Residential real estate is increasing in popularity as a form of long term investment. However most people have little knowledge as to the differences between a good investment and an ordinary investment. Here is a simple guide to help you.
This formula is not meant as investment advice. It is based on my personal experience and knowledge of property investing. The formula will work well in most first world countries. However all countries are different and so you should check this formula against trends in your country.
As a professional investor I will often buy outside of this formula but I also do extensive research and have many years of experience as a full time investor. This formula is aimed at the person who does not have the time, resources, experience or inclination to do the amount of work that a professional investor will do.
1. Buy in a Medium to Large City
It is a fact of the western world that cities are growing in size and population. When it comes to investing the trend is your friend and so it makes good sense to buy in areas where the demand for residential property is increasing.
2. Buy At or Below the Median Price for Both the City and the Suburb that you are Buying In.

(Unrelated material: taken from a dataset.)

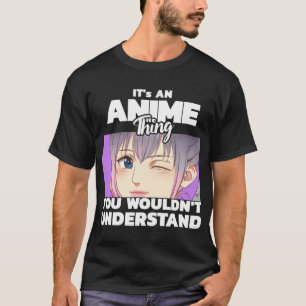 It's an Anime thing you wouldn't understand Pullov T-Shirt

High price properties are luxuries and as such tend to fluctuate substantially in price according to the economy. However median price and below properties are filling a basic need and therefore come more into the necessity category. This results in a more stable, lower risk, market for properties in this price range.
3. Get a Thorough Pre-Purchase Building Inspection Conducted by a Qualified, Experienced Professional.
You should know what the required maintenance cost is going to be for the property you are buying and factor that into the equation when you are determining what the property is worth. An unexpected problem with the building can be expensive and quickly erode your profit.
4. Find Out What is Planned for the Area that you are Buying In.
The laws of disclosure on this matter vary from country to country. At the end of the day it is best to assume responsibility for discovering if anything is planned that may adversely affect your property price. This could include things like a highway being rerouted through or next to the house, a factory, airport or other noise or pollution producing construction being planned for the neighborhood, and so on.
5. Spend At Least 3 Weekends Researching Property Prices in the Area.
Most people will be very good at judging the market price of a property once they have spent a few weekends looking at properties in that area and observing what they sold for. Make sure that you take the time to also attend auctions and watch the bidding patterns. If you can accurately judge market value then you are far more likely to buy well.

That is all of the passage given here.